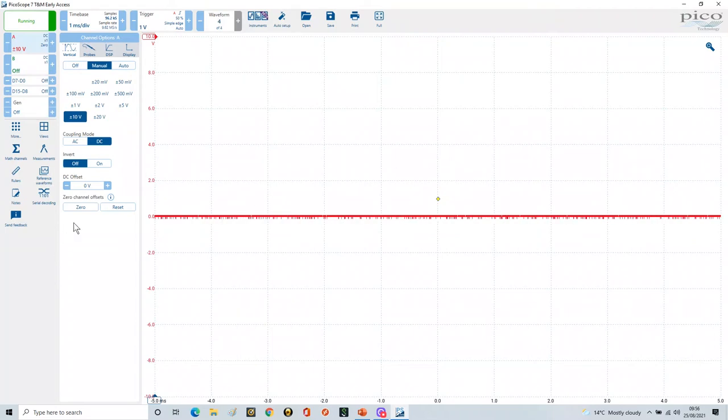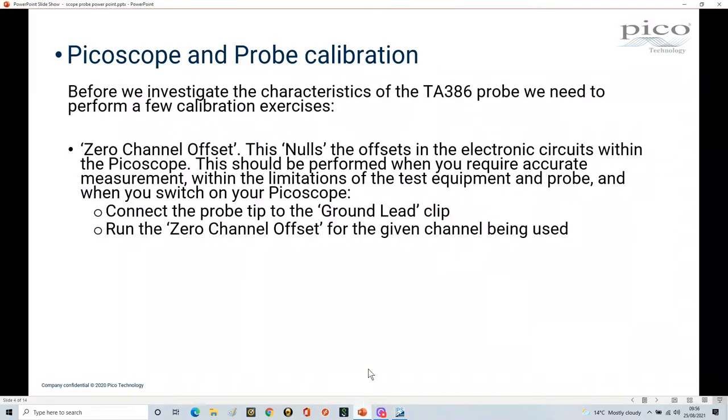You would do that on all channels you're using. It's good to do this whenever you power up your PicoScope, because things do drift over time — and temperature can make a difference as well. So: clip the probe tip to the ground clip, and run the Zero Channel Offset for each channel being used. We've now performed that task.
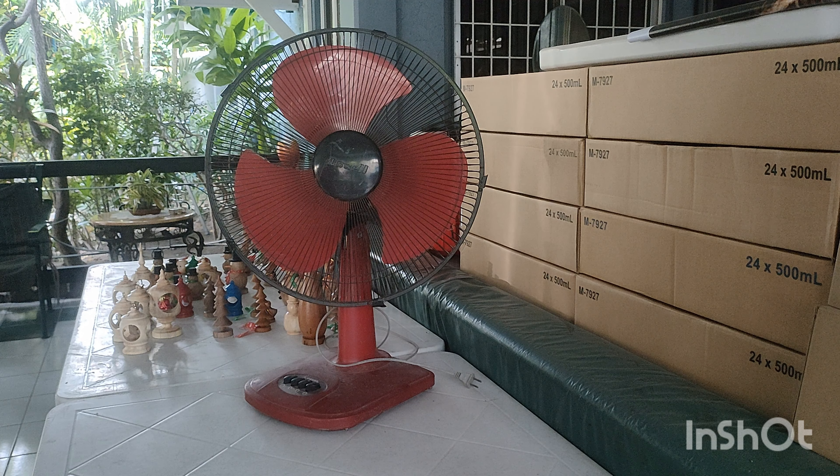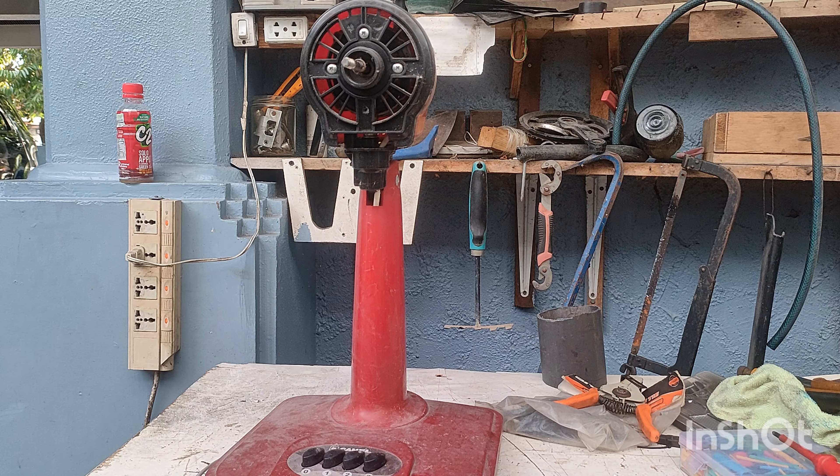A disclaimer: the content shown in this video is based on my experience and I am not an expert. This is a device that is plugged to mains electricity, and mains electricity could be considered dangerous, so do this at your own risk when repairing it. Let's not upset this fan and let's go to my workshop.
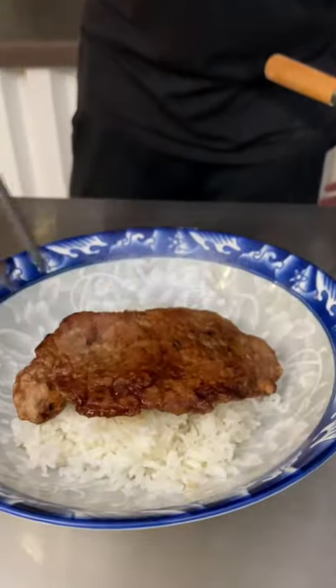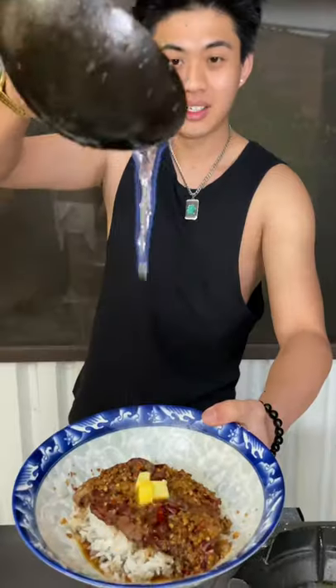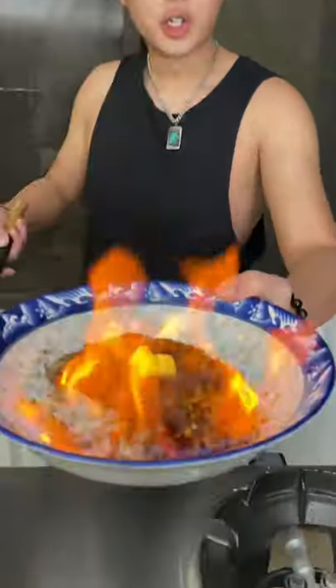Your steak, the sauce, butter — crispy chilli beef.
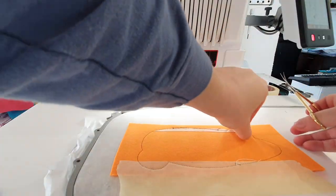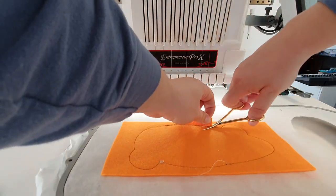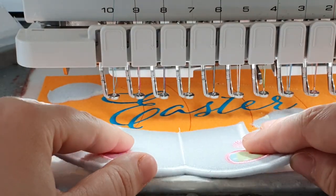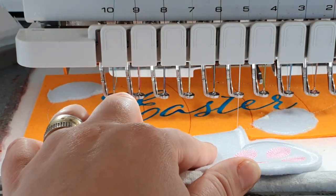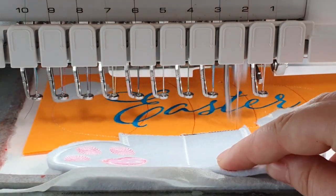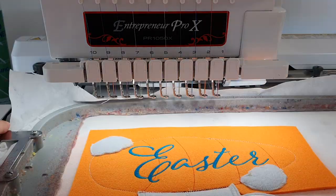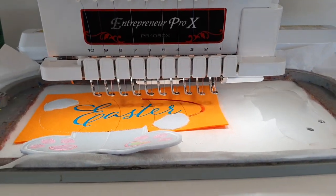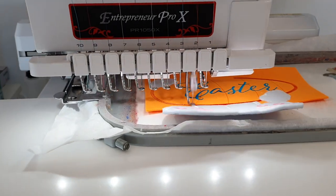I'm going to remove all that tape — it's way easier to remove it now. I will do the same thing on the back so I will have a clean stitch, and then I will place the legs as close as I can exactly on the same line and do the stitch to keep them in place. It will also do a zigzag stitch to help it stay there. After all these steps you can see it's all stitched down and now it will do the satin stitch around the carrot.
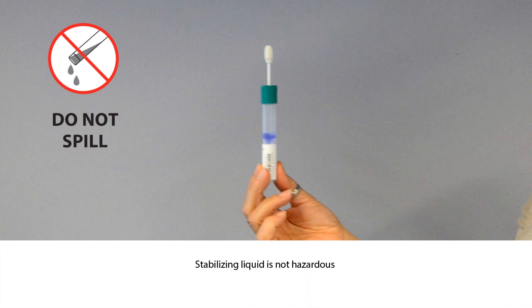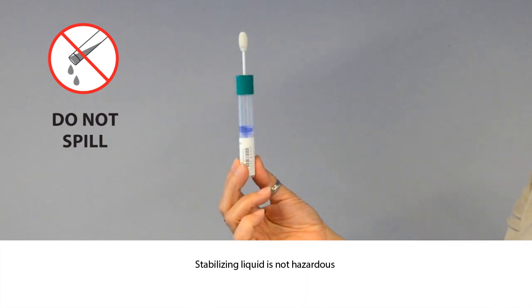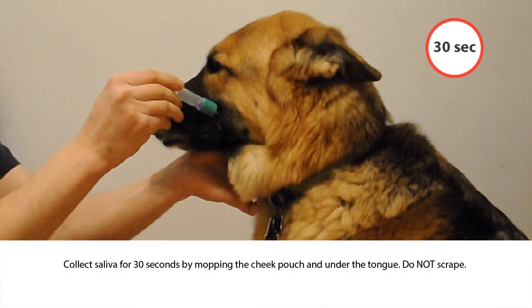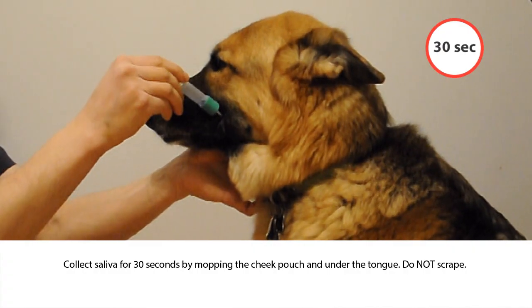The liquid is not hazardous and is required to stabilize the DNA until it is processed. Collect saliva for 30 seconds by moving the sponge and mopping saliva where it naturally pools, in the cheek pouch and under the tongue.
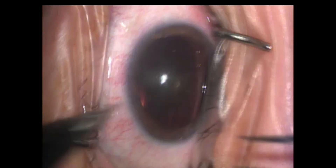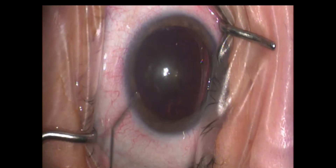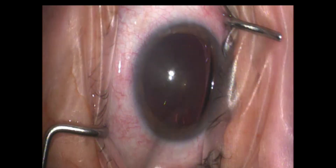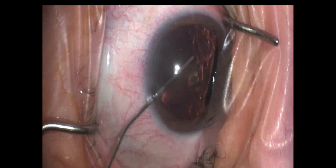This is a cataract surgery with implantation of the Bausch & Lomb MI60L lens. This is one of my favorite lenses for my high myopes. It's also a fantastic lens for anybody getting a mixed procedure, just because of the way the haptics are oriented and its stability in the capsule itself.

- - - -

* [TASK PROMPT]
Please reproduce every record exactly, leaving the pictures out.

* [ANSWER SPACE]
You would do that on all channels you're using. It's good to do this whenever you power up your PicoScope, because things do drift over time — and temperature can make a difference as well. So: clip the probe tip to the ground clip, and run the Zero Channel Offset for each channel being used. We've now performed that task.
A disclaimer: the content shown in this video is based on my experience and I am not an expert. This is a device that is plugged to mains electricity, and mains electricity could be considered dangerous, so do this at your own risk when repairing it. Let's not upset this fan and let's go to my workshop.
Your steak, the sauce, butter — crispy chilli beef.
I'm going to remove all that tape — it's way easier to remove it now. I will do the same thing on the back so I will have a clean stitch, and then I will place the legs as close as I can exactly on the same line and do the stitch to keep them in place. It will also do a zigzag stitch to help it stay there. After all these steps you can see it's all stitched down and now it will do the satin stitch around the carrot.
The liquid is not hazardous and is required to stabilize the DNA until it is processed. Collect saliva for 30 seconds by moving the sponge and mopping saliva where it naturally pools, in the cheek pouch and under the tongue.
This is a cataract surgery with implantation of the Bausch & Lomb MI60L lens. This is one of my favorite lenses for my high myopes. It's also a fantastic lens for anybody getting a mixed procedure, just because of the way the haptics are oriented and its stability in the capsule itself.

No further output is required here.